Sawyer starts, ‘Sorry about that. Anyway, I was asking—’

‘Sawyer,’ I interrupt, for both of our sakes.

‘I don’t think that would be a good idea.

I’m not like the other women you probably see.

I’m a mom. I go to bed at like nine o’clock, sometimes earlier, and my apartment is filled with toys.

My life revolves around Noah, and I don’t want anything getting in the way of that. ’

He shuts his mouth instantly and nods.

‘But I’d really like to be friends. I mean, we were good friends before, right?’

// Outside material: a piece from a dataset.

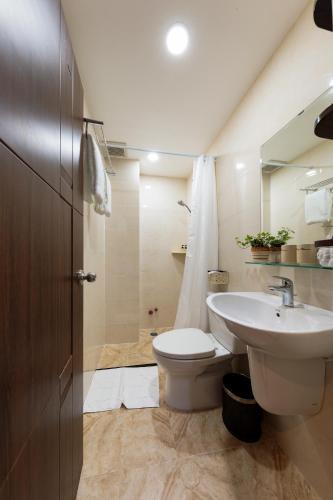 a bathroom with a white toilet and a sink at Chez Mimosa Petite - Free Laundry in Ho Chi Minh City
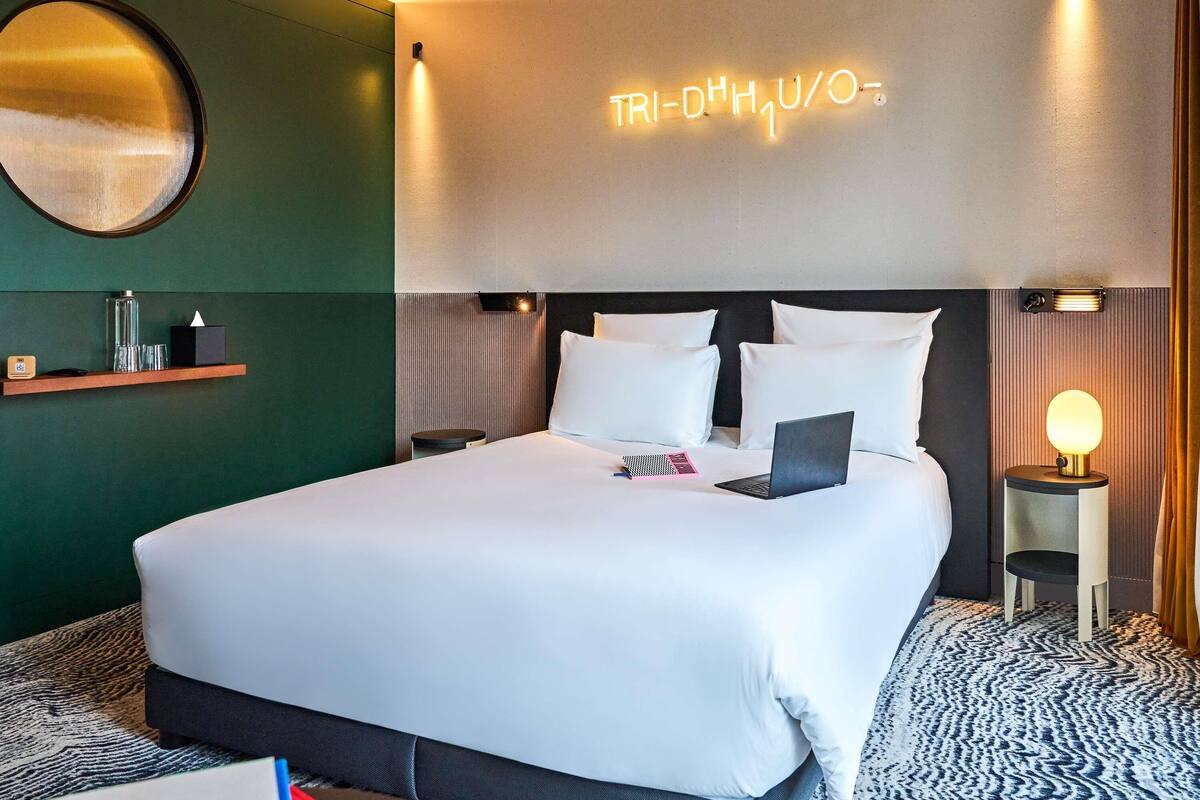 A modern hotel room with a neatly made bed, a bedside lamp, and a neon sign on the wall.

‘Sure.’ An unconvincing smile follows, eyes dimming.

‘I should, um, get going.’ I grab my purse from the floor. ‘Thank you, for the coffee, and the flowers. Do you need a ride home?’

Sawyer checks over his shoulder to the kiosk, where Briar happens to be. ‘’S’all good. I can make my own way home. I’m gonna stick around for a bit.’

Message received.

Still, I admit, ‘It really was good to see you, Sawyer.’

‘You too, Blue.’

And with that, I walk out on Sawyer again.

Sometimes I wonder if there was a blip in the universe back in senior year—an anomaly that had our paths crossing when they were never destined to.

It makes sense when things ended how they did.

We just weren’t meant to be, and the world threw what it could at us to prove it.